«Wir gehen auf Nummer sicher und setzen auf die natürliche Intelligenz.»
Im Interview spricht CFO Yvonne Pusch über den digitalen Wandel und das Risikomanagement der SERV.
Frau Pusch, muss man als Schweizer Exporteur die SERV kennen?
Auf jeden Fall, denn zahlreiche Exportgeschäfte kämen ohne die SERV gar nicht erst zu Stande. Wir kommen dann ins Spiel, wenn die Exporte in eher anspruchsvolle und risikoreichere Märkte gehen – also vor allem in Entwicklungs- und Schwellenländer – oder wenn das Exportgeschäft eine lange Kreditlaufzeit aufweist. Die Höhe der Versicherungssumme ist sehr unterschiedlich und kann zwischen 10 000 und 200 Millionen Schweizer Franken liegen.
Deckt die SERV auch Geschäfte in Industrieländern?
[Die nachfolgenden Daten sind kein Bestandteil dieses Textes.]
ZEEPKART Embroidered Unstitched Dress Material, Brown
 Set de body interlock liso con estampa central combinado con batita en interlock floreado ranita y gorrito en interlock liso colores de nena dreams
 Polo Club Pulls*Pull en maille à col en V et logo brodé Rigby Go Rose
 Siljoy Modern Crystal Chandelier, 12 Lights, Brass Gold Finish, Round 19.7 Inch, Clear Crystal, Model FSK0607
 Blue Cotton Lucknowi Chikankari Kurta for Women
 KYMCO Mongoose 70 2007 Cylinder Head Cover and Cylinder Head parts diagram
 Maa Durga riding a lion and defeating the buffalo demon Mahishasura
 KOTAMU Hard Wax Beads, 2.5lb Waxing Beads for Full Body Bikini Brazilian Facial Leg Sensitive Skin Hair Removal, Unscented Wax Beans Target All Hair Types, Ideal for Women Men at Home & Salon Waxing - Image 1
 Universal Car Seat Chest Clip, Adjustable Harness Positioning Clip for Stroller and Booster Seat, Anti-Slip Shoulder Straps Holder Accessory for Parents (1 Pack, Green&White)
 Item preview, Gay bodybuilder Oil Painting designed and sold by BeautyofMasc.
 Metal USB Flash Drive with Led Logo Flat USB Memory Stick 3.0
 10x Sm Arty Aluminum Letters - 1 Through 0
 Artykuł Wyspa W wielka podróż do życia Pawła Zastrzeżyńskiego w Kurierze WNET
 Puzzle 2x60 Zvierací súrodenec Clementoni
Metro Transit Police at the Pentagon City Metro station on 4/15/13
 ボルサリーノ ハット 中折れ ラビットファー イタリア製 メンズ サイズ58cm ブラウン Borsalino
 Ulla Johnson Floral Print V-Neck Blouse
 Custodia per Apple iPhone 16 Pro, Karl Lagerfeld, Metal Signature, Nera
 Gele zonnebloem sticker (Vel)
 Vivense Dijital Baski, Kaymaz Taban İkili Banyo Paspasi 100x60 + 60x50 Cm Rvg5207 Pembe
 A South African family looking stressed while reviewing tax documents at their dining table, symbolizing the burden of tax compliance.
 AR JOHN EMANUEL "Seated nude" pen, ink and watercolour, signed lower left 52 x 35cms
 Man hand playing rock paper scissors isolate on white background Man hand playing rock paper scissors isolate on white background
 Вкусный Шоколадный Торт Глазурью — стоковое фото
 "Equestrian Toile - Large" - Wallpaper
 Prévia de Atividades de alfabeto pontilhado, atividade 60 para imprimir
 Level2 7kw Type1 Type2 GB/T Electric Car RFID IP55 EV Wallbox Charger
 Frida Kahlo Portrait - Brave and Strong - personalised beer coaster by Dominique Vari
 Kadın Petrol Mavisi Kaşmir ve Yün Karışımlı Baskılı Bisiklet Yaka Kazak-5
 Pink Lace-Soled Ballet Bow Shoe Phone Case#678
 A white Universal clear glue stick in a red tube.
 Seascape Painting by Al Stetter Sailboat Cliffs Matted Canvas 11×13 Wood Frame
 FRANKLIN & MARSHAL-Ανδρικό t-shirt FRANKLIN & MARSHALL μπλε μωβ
Bei entsprechend langer Laufzeit schon. Bei klimafreundlichen Projekten darf die Laufzeit gemäss OECD-Richtlinien neuerdings sogar bis zu 22 Jahre betragen. Ein privater Versicherer hat in der Regel kein Interesse, grosse Risiken über einen so langen Zeitraum in seinen Büchern zu halten.
Wie kann die SERV denn sicherstellen, dass bei so grossen Volumina Ausfälle gedeckt werden können?
Das Risikokapital wird mithilfe eines mathematischen Modells berechnet, das die Ausfallwahrscheinlichkeit über alle Versicherungsverträge unter einem Stress-Szenario ermittelt. So stellen wir sicher, dass auch im schlimmsten Fall genügend Kapital zur Verfügung steht, um die Ausfälle zu decken. Der Bundesrat legt einen Verpflichtungsrahmen fest, der das maximale Versicherungsvolumen der SERV definiert. Dieser beträgt zurzeit 14 Milliarden Schweizer Franken. Somit ist auch die maximale Höhe der eingegangenen Risiken limitiert.
Was ist ihr Erfolgsrezept als Finanzchefin und Risikomanagement-Verantwortliche?
Kurz gesagt: Die Definition eines konkreten Ziels, die Wahl eines gemeinsamen effizienten Weges, ein reflektiertes Risikobewusstsein und ein klares Bild über die gemachten Schritte.
Das bedeutet?
Unser gemeinsames Ziel ist klar die Förderung der Schweizer Exportwirtschaft sowie die Schaffung und Erhaltung von Arbeitsplätzen in der Schweiz. Den Weg gehen wir mit einem holistischen Enterprise Risk Management und in enger Zusammenarbeit mit Risiko-Expertinnen und -Experten. Flankiert wird dieser Weg durch den digitalen Wandel in den Bereichen Prozessoptimierung, Daten- und Marktanalysen. Und alles passiert unter der Voraussetzung einer positiven Fehlerkultur – nur so kommen wir gemeinsam erfolgreich vorwärts.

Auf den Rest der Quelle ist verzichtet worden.